- [TO DO]:
Once you find the line with "Picture of Senorita" in the listing below, set down exactly every line from it through the line with "Zara Muscle TShirt", but no pictures.

- [DATA PROVIDED]:
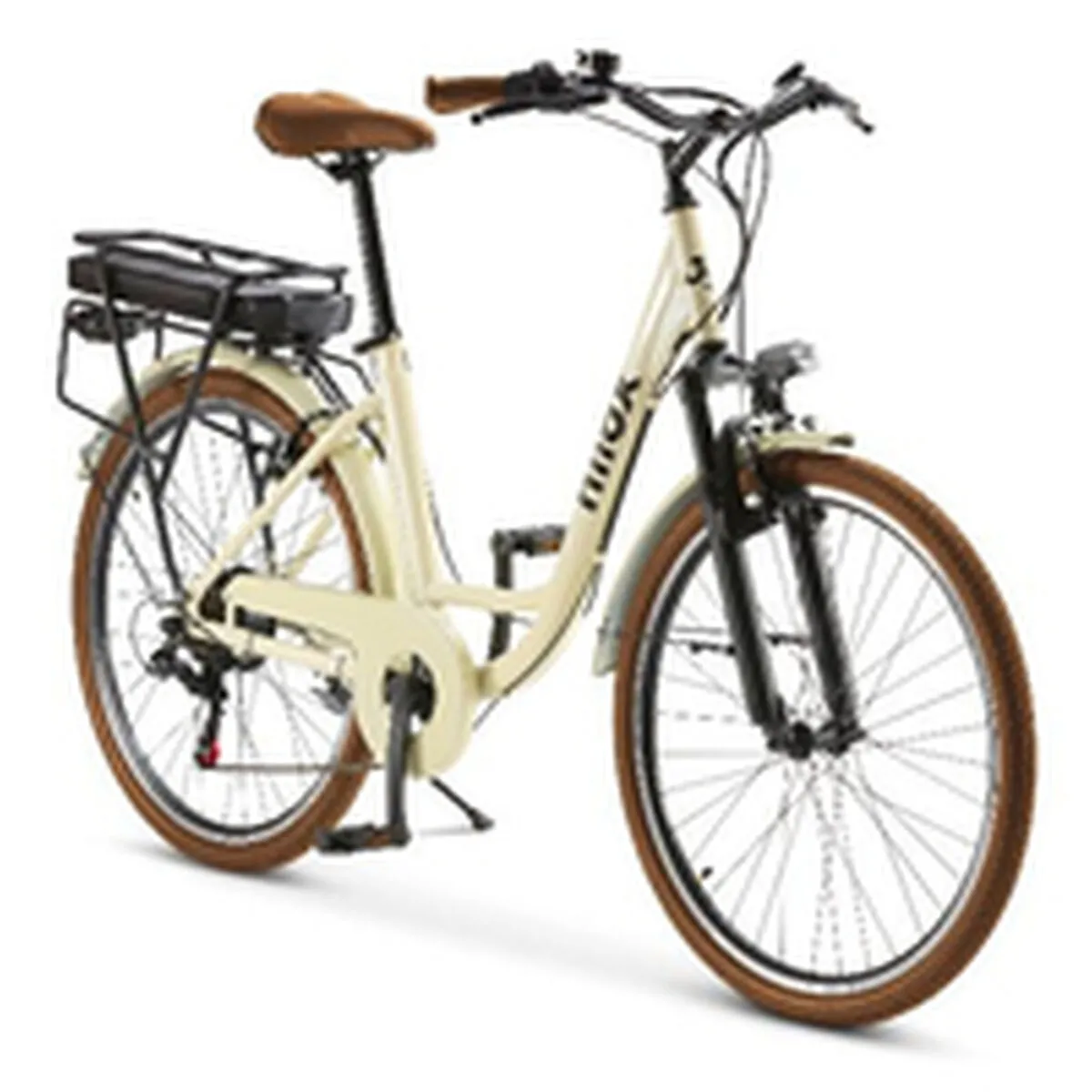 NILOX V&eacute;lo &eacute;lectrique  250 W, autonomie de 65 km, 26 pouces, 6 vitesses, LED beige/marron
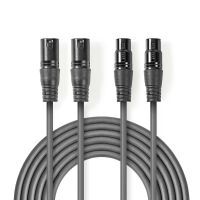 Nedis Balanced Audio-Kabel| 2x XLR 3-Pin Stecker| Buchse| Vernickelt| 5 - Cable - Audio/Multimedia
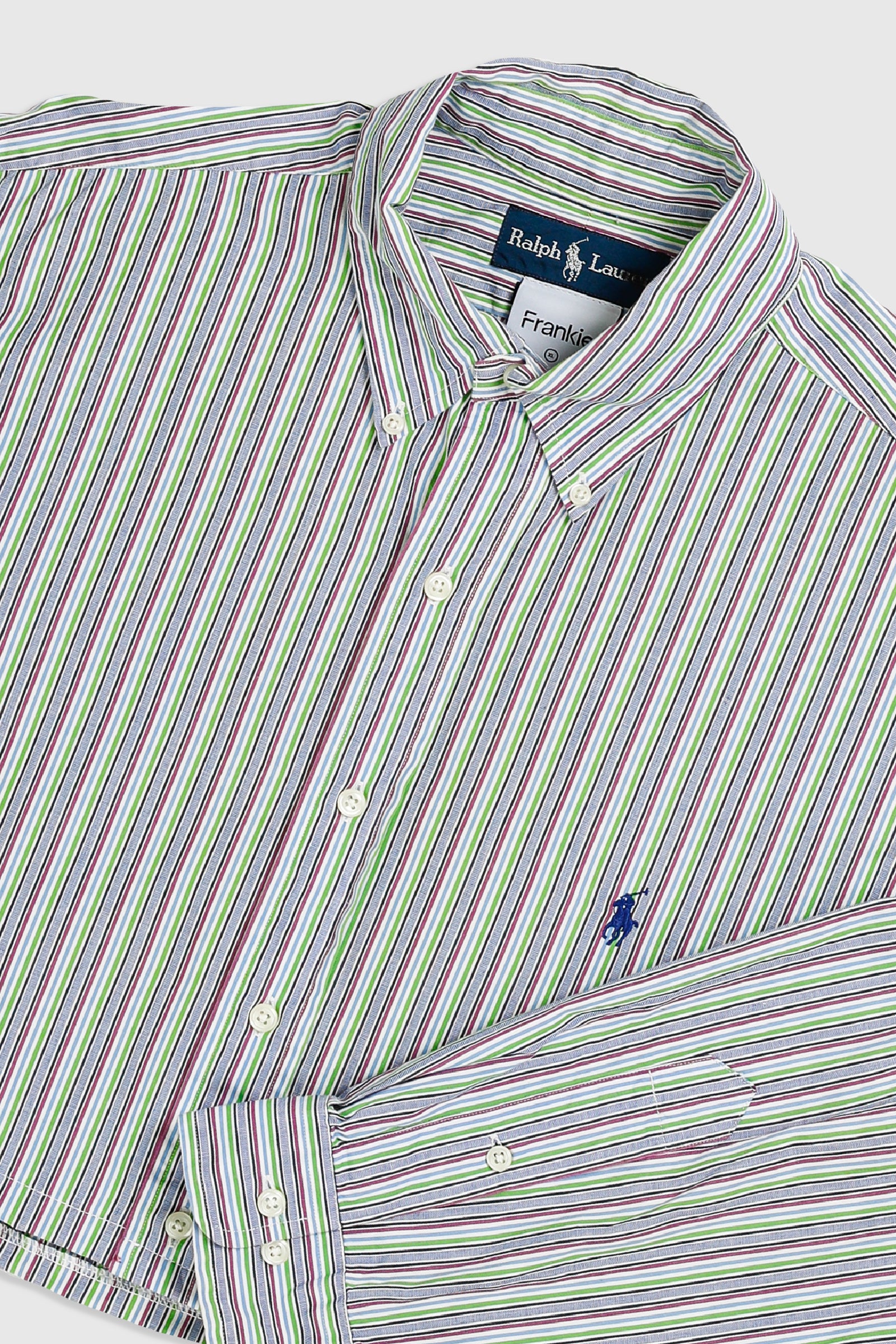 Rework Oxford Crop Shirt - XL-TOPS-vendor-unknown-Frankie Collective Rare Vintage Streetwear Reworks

...

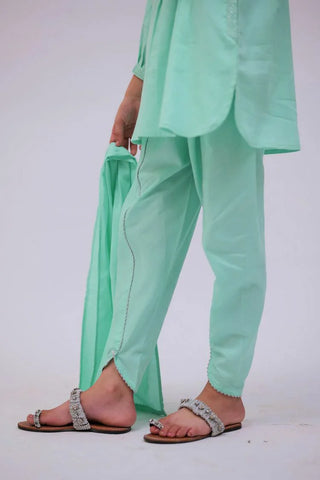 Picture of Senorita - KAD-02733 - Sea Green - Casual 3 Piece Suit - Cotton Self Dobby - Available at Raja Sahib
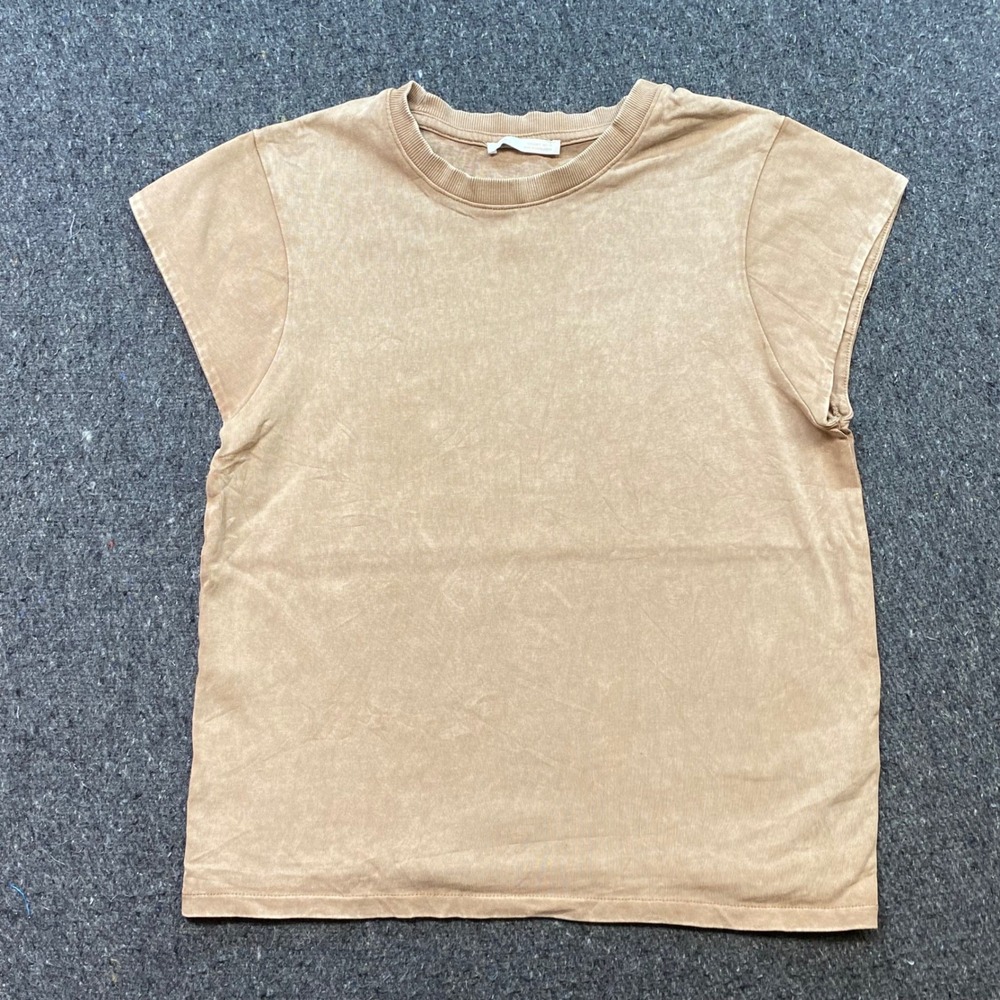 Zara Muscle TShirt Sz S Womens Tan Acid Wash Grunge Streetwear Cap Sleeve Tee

- [ANSWER SECTION]:
 Picture of Senorita - KAD-02733 - Sea Green - Casual 3 Piece Suit - Cotton Self Dobby - Available at Raja Sahib
 Zara Muscle TShirt Sz S Womens Tan Acid Wash Grunge Streetwear Cap Sleeve Tee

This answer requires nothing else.